Just human's picture

Ok SD14 posts these sappy I love you, I forgive you (WTF?!?), I'm sorry blah blah blah posts on FB to my DH, her BM and her SD (married to BM). This is an effort to ostracize me, I know and my DH is asking for advice on how to respond. He hasn't liked the post or responded. SD14 stopped talking to me for no reason when we had a good relationship because of BM. DH has yet to address with SD14 how she has treated me. Any thoughts?

Step-Volgirl's picture

I agree with CheriWilson's "I think DH should continue to ignore the FB posts. He might tell SD that he will talk to her about anything she wants to talk about but he is not going to do it over FB and SD needs to stop posting personal family stuff."

I know sometimes, blatantly ignoring something can lead to more trouble, so if necessary, comment "Noted.
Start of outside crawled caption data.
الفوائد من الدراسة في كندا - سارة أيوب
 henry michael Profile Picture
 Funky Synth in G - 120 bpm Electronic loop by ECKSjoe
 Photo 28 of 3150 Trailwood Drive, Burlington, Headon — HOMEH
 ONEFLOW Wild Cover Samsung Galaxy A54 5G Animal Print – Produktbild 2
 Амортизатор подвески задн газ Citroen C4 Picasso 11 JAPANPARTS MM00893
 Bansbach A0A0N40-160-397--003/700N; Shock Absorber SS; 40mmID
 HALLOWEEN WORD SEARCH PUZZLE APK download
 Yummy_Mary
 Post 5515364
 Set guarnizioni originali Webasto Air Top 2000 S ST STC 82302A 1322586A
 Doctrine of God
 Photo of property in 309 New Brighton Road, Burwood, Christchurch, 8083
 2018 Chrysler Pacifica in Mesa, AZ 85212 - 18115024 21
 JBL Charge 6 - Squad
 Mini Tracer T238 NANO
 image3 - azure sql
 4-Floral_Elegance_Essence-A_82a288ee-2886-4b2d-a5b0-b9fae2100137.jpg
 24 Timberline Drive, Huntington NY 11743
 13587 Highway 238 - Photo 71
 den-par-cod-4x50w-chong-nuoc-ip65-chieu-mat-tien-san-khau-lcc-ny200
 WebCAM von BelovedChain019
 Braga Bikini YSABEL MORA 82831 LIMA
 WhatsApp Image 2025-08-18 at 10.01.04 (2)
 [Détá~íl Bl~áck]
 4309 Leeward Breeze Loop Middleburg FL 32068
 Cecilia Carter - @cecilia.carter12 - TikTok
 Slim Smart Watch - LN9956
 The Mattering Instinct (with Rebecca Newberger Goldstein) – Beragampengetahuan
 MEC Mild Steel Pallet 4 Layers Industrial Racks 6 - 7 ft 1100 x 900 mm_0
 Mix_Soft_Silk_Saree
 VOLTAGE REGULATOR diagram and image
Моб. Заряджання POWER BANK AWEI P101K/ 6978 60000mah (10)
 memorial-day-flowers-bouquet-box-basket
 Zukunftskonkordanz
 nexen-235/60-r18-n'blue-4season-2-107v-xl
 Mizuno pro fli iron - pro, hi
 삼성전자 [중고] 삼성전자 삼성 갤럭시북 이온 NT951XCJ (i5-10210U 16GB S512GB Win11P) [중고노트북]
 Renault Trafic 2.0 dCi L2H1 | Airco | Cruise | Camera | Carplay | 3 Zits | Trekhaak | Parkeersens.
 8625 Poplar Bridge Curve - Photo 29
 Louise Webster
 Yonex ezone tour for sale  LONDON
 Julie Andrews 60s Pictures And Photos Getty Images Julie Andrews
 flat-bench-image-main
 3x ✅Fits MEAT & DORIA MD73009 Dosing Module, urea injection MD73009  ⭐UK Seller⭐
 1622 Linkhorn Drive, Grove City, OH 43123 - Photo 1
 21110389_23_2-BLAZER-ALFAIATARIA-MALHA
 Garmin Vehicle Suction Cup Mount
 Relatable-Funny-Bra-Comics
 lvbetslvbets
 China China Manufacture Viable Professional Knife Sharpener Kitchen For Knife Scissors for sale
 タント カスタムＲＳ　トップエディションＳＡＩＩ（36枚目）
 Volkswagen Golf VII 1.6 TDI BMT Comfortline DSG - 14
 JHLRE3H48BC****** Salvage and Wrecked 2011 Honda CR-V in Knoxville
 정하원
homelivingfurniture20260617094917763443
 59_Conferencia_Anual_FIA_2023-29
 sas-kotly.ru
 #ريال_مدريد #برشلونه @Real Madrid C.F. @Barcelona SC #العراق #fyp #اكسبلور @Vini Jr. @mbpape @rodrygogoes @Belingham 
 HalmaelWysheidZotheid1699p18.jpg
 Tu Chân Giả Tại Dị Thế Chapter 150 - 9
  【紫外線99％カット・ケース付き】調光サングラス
We'll discuss this next time we see (or talk) to each other".

Just human's picture

There is a big geographic distance and he would never be given her pw. I like the idea of not responding and him talking to her about not posting personal family stuff. I will pass the advice along for his consideration. Thank you!

Cocoa's picture

delete his fb account. all facebook does is stir up drama. my dh and i had to because of it. i don't know about you, but i've had a belly-full of skid and bm drama and this is an easy way to get rid of at least half of it.

Just human's picture

You are so right esp about the defriending part! I have totally accepted months ago that I don't have a relationship with the SD. Really good riddance I don't care about her at all. Even if she one day wanted a relationship I would not because I know the BM is speaking through her. So HELL F-ING NO will I have a relationship with her. If she visits I will stay somewhere else or schedule a work related trip.

Just human's picture

^^^i like that idea of apologizing to me! Funny thing we have NEVER had a negative interaction and I'm the one signaled out. It's her way of trying to push me away. It's a compliment really of how much of a threat she thinks I am to her and the crazy BM.

Just human's picture

We definitely do not have BM as a friend though she has tried multiple times. DH said he won't respond to SD's post and said she is trying to push me away from him. We share the account and he needs it for work but we should be able to block her posts or something. So far it's been one way for DH to figure out where in the country his kids are. BM is constantly bouncing them between 2 states. DH is out of the country. Honestly I've disengaged from it and am not bothered by it but didn't know what to tell my DH when asked what he should do with this BS message.